29 de diciembre de 2005

Terremoto

El 22 de diciembre de 1972, a las 11,34 de la noche, Managua se estremeció como si la hubieran tirado desde 100 metros de altura. Los sueños navideños se derritieron con un grito de dolor. Donde había vida e ilusiones quedaron más de 100.000 terremotados, 20.000 muertos y la angustia amarga de las catástrofes, cuando quedar vivo puede ser peor que morir. El terremoto es la expresión más cabal de la impotencia humana. Todo lo demuele la naturaleza como si rompiera un papel viejo para tirarlo a la basura. Edificios indestructibles se hacen añicos. El hormigón armado parece mermelada y el hierro pasta de dientes. Las estrellas se vuelven el techo más preciado y la gente valora sus escasos petates por encima de las vigas y paredes de sus casas. Los muertos duermen entre cascotes mientras los vivos deambulan desconsolados con los ojos secos por la tierra y el polvo. En los grandes desastres unos cuantos aprovechan la volada para empezar nueva vida lejos de su pasado: será por eso que nunca se termina de contar a los desaparecidos. Los terremotos, además, pescan in fraganti a los tramposos y en calzoncillos a los infieles.

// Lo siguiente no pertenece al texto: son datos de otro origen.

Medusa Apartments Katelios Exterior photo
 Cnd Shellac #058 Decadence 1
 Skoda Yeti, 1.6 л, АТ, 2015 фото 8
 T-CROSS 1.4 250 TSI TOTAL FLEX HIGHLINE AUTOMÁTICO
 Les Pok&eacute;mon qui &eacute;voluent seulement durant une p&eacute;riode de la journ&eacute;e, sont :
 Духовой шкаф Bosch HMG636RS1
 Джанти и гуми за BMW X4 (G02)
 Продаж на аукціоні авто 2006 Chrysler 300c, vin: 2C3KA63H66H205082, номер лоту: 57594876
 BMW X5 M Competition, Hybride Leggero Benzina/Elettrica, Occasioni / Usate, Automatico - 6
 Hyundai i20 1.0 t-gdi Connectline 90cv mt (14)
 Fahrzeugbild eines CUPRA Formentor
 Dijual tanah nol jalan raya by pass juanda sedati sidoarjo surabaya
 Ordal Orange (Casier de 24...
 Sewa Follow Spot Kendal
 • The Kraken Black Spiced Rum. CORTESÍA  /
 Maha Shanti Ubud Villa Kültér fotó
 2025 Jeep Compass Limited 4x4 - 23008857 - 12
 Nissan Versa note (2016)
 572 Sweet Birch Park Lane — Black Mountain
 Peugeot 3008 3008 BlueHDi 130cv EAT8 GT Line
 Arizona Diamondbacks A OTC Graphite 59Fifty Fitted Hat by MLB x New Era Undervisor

En el centro de la ciudad los cadáveres quedaron debajo de los escombros. La Guardia Nacional se concentró en el pillaje con profesionalismo y Anastasio Somoza engrosó sus cuentas de Miami con la ayuda que llegaba de todo el mundo. Los zopilotes terminaron el trabajo llevándose a dar un paseo los restos podridos que quedaron a la vista. Años después los sandinistas pasaron una piadosa topadora y dejaron cientos de manzanas baldías alrededor de la vieja catedral agrietada que todavía resiste como un mausoleo vacío. Los que quedaron vivos se fueron a vivir a los barrios, en casas bajas y frágiles, como para aliviar la próxima sacudida.

Desde el aire la Managua moderna es un delicioso suburbio tropical: apenas se adivinan las casas debajo de los árboles. Las calles no tienen nombre ni apellido. Me alojé en el Hostal Real del General Pancho Cabuya y su Papalota Marilla, que queda del Restaurante La Marseillaise, una cuadra al lago, una cuadra arriba, 25 varas al lago, casa # 46. Si ordenan el catastro se terminará la magia y me tocará el hotel Sheltox Express, Av. Comandante Pastora, 13.752, M37 2AT, Managua.

En el centro viejo y en ruinas levantaron estatuas de puños crispados y kalasnikof al viento, mientras los revolucionarios de los 80 se aburguesaban sin remedio. El ombligo de la ciudad se trasplantó alrededor del shopping Metrocentro. Del otro lado de la avenida, entre unas cuatro hectáreas de pastizales, el cardenal Miguel Ovando edificó la nueva catedral antisísmica, estilo elefante. Daniel Ortega, el comandante del FSLN, acumula tantas elecciones perdidas como denuncias de acoso sexual y camionetas todo terreno. Su hermano Humberto, gloria del Ejército Sandinista, moribundea en Costa Rica podrido en la plata que invirtió en Canopy Tours para gringos gay. Ernesto Cardenal, el cura poeta que ligó el reto papal en la Plaza de la Revolución, fabrica socotrocos de barro plastificado en Solentiname, el archipiélago del sur del lago de Nicaragua donde fundó una comunidad de drogadictos cristianos. Violeta, la viuda de Chamorro, ya está más para el bronce que para la política. El resto de la gente todavía habla del terremoto como si hubiera sido ayer.